Olivier Assayas : Avec la 'légèreté de la caméra', c'est la 'légèreté' en général, je dirais. Ce avec quoi j'ai toujours lutté, c'est le poids du cinéma. Le cinéma compte trop de gens et trop d'équipements lourds. Idéalement, le cinéma devrait être fa it dans des conditions aussi légères que lorsque les peintres impressionnistes peignaient à l'extérieur.
Vous devez oublier le poids du cinéma. Chaque fois que je le peux, je veux le moins de personnes possibles sur le plateau du tournage. J'ai besoin d'avoir un sens de la liberté. Je n'aime pas répéter. J'aime entrer directement dans une scène et dans l'action de création d'une prise. C'est pour moi mais aussi pour les acteurs. C'est de cette manière qu'ils se concentrent. S'ils ressentent le poids du cinéma, ils ont une approche différente de l'action.

Journaliste : De quelle manière Kristen réagit-elle à la légèreté ?
Olivier Assayas : Je pense que cela a créé un nouvel espace pour elle.

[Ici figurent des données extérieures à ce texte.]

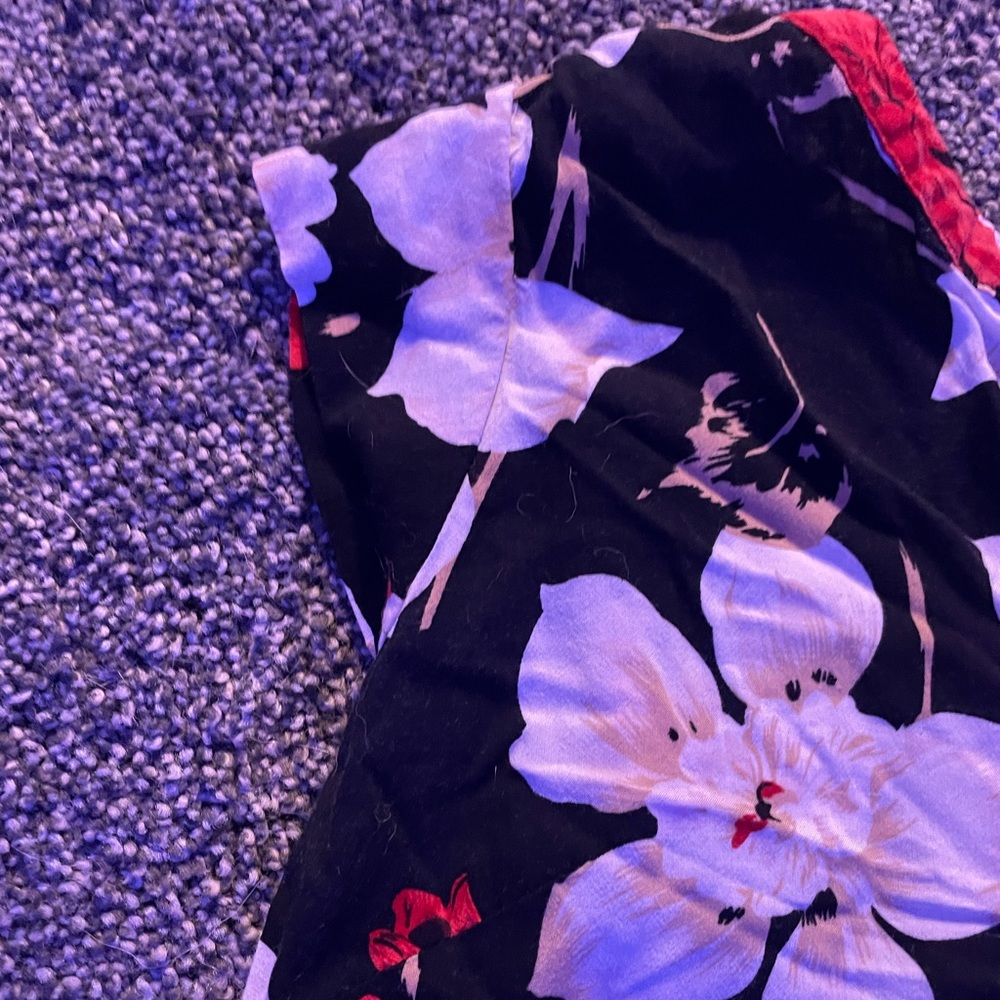 Flower blouse - Picture 4 of 4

Je pense qu'elle a adoré cela et c'est la raison pour laquelle nous avons travaillé ensemble. Elle a réalisé, lorsque nous tournions Clouds Of Sils Maria, que cela lui ouvrait un nouvel espace. La raison pour laquelle elle était impatiente de travailler de nouveau avec moi était qu'elle savait qu'elle pourrait aller encore plus loin dans le processus. C'est complètement différent de ce qu'elle a fait aux Etats Unis. Certains acteurs ont besoin du cadre, mais d'autres acteurs sont créatifs et ils ont besoin d'espace pour se développer. Et elle a été en expansion.